If all software patents are bunk, so are many electrical engineering patents.
If software is built on hardware, anything I represent in software can be 1:1 related to the digital circuit equivalent. It may be silly or infeasible to do so - but I could make an ASIC or FPGA that runs my latest piece of code. Maybe those wouldn't count because they're too close to the way we think of software. Okay - I lay out my PCB with just 4011s NAND gates. Is this sufficiently far from software to get me a patent for my ideas?
I think software should move towards a trade secret model and abolish software specific patents entirely. Unless you can demand to see the source code, you can never prove whether or not I used your algorithm.
That - or, software developers need to make one gigantic document of every single idea they have implemented and used. If everyone has 5 ideas a day that they implemented and wrote down, we'd hit some sticky situations where a new problem is found. And, much like the patent system, if we put it online where anyone could potentially see it, we can say that it was prior art for any future patent.
Then - as they don't have to be good ideas necessarily, we run through and make all permutations of every single word on the page, leading to every possible idea that can be thought of in that context. Prior art for everything. Or just get Pi out and start translating it to English.
If all software patents are bunk, so are many electrical engineering patents.
And yet few people realize that. The USPTO continues to issue software-equivalent patents as well as software patents, and the courts uphold their validity, all while claiming that "real" math is not patentable, but offering no clear theoretical framework for distinguishing the two.
ASICs could be argued to be physical implementations and therefore patentable. On the other hand, when converting a software algorithm to an ASIC design involves no additional creative effort, how can the ASIC be patented?
We used to argue that inventions should be patentable, but abstract ideas around inventions are not deserving of patents. If I was interested in your supposed ASIC design, and in a position to be awarded a patent, I would argue that by taking the algorithm and realizing it into a chip fab (or by doing the requisite homework to bring it to a chip fab, if I didn't have the requisite billion dollars to actually market the chips) I had done sufficient work to be worthy of a patent.

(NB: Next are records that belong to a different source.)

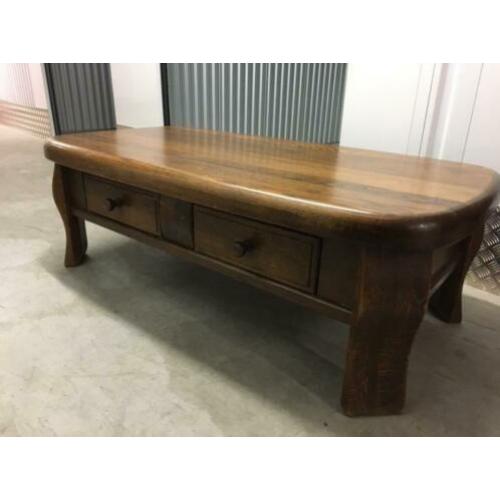Massief eiken salontafel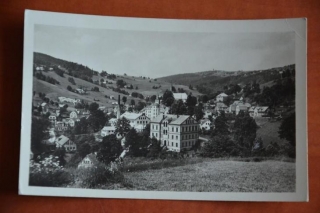 JANOV NAD NISOU celkový pohled Jizerské hory okres Jablonec nad Nisou 1956
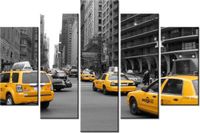 100CM 150CM OBRAZ 5 ELEM TAKSÓWKI CJ ISHERWOOD ŚCIENNY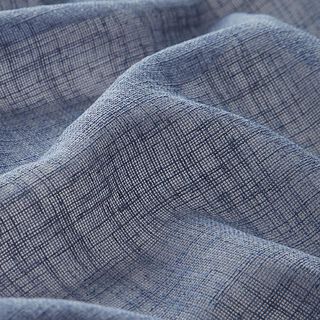 Tissu pour rideaux Voile Ibiza 295 cm – bleu jean, 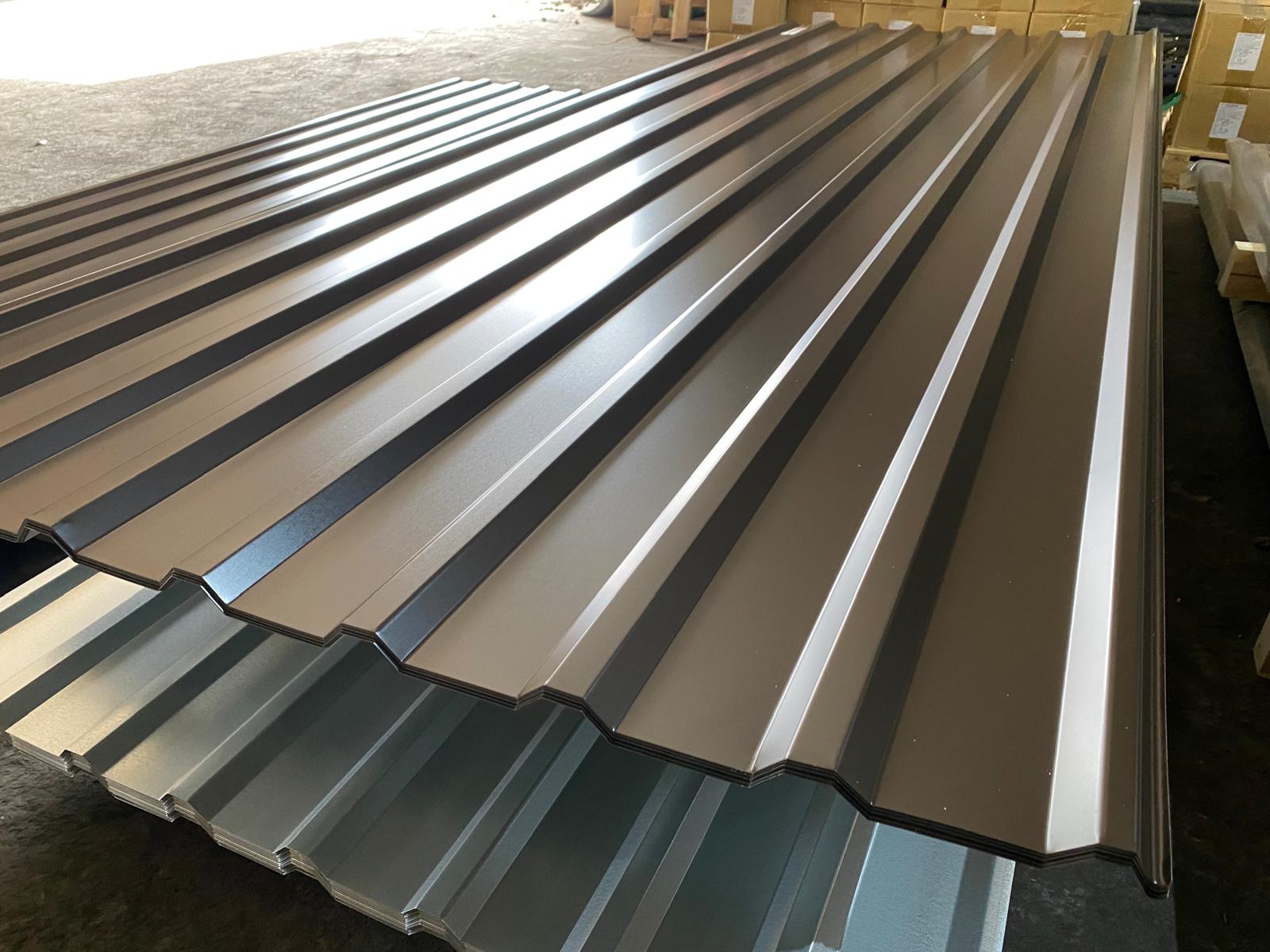 Trapetsprofiil TP20 PE 0.50mm RR32 tumepruun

As a good person (who doesn't want his patent thrown out when it goes to court), I would not try to submit an incomplete design and I would make sure that my filing included all of the necessary information to put the design into future generations' hands. (But not the billion dollars, of course!) Who's to say it involves no additional creative effort? I remember Computer Organization and Architecture classes as a Computer Scientist that were meant to teach me the left hand of the equation while making me aware of the tetris game that exists on the right hand side, but not bogging us down (since we were computer scientists and not electrical engineers.)
So out of self interest, maybe I should wish to be able to patent the algorithms. I know and I was raised better than that. Our pyramid schemes start and end with our brothers (and sisters) who majored in electrical engineering! Software is meant to be free, and hardware has innate marginal cost as a necessity of physics.
Remember it can be up to the patent examiner in an abstract sense with no rhyme or reason on whether or not to grant a patent, and many of the folks I hear would rather see "boots on the ground." In other words, without the billion dollars to put the fab into works: no patent for us, so no victory.
If all software patents are bunk, so are many electrical engineering patents.
I hope that the second sentence is not supposed to be a substantiation for the first one. If anything, it's an example of why the system must be fixed.
Is this sufficiently far from software to get me a patent for my ideas?
It shouldn't give you that right in the first place. Patents were meant for engineering inventions, not for mathematical discoveries. Encoding a mathematical discovery in an engineered form does not change its substantial nature.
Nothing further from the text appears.